[Supplied material]
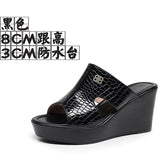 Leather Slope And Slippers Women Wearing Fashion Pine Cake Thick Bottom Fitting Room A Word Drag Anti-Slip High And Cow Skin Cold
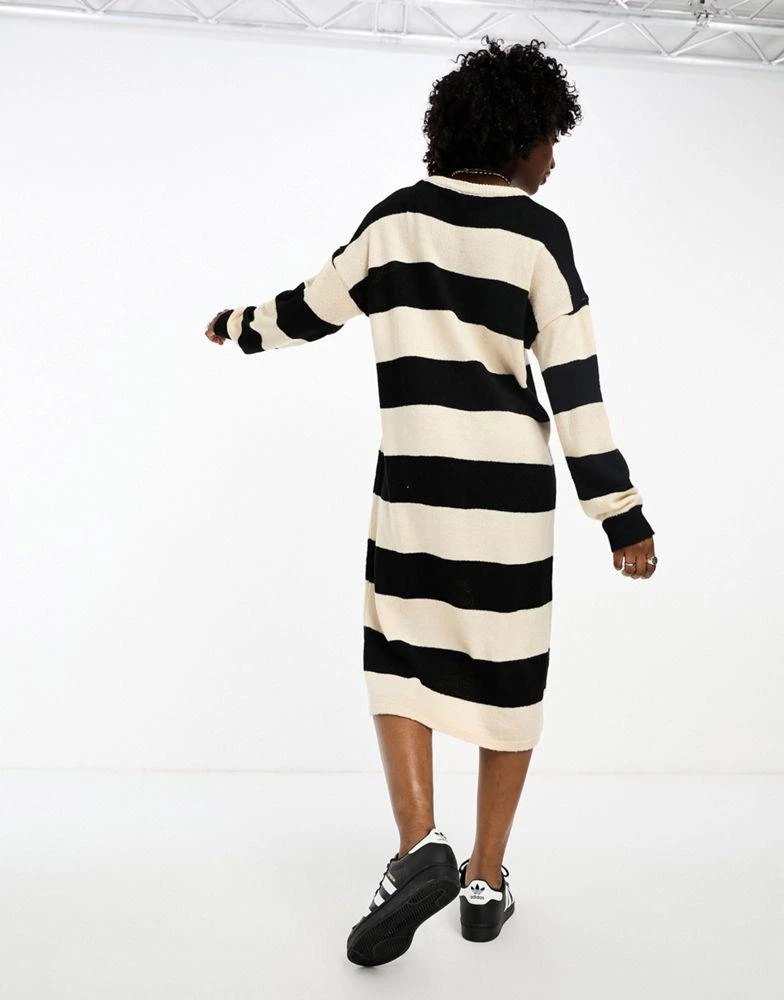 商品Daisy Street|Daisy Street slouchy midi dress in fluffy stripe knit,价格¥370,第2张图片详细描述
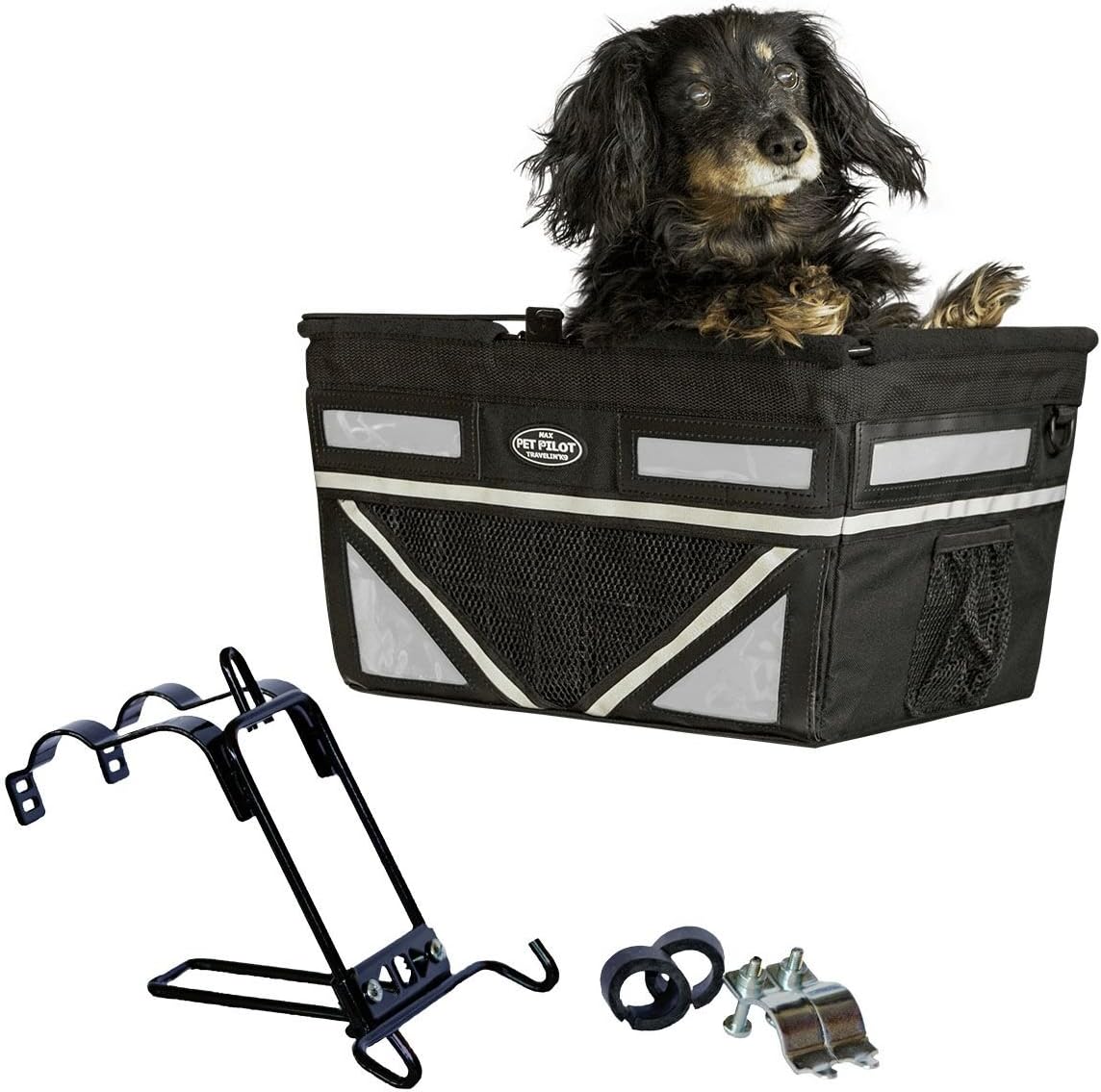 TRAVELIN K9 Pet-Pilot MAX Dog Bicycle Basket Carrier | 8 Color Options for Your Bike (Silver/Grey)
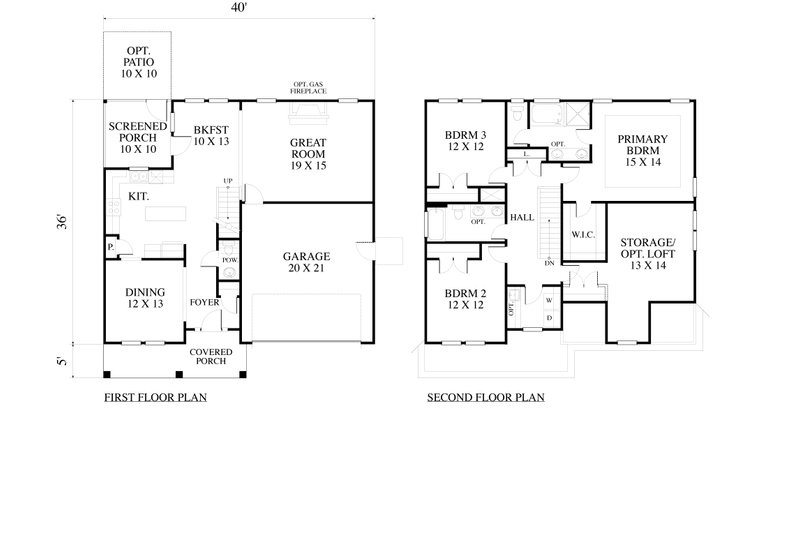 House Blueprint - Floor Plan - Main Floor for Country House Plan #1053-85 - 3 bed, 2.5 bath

[Task brief]
Excluding all images, transcribe the material word for word.

[Exercise response]
 Leather Slope And Slippers Women Wearing Fashion Pine Cake Thick Bottom Fitting Room A Word Drag Anti-Slip High And Cow Skin Cold
 商品Daisy Street|Daisy Street slouchy midi dress in fluffy stripe knit,价格¥370,第2张图片详细描述
 TRAVELIN K9 Pet-Pilot MAX Dog Bicycle Basket Carrier | 8 Color Options for Your Bike (Silver/Grey)
 House Blueprint - Floor Plan - Main Floor for Country House Plan #1053-85 - 3 bed, 2.5 bath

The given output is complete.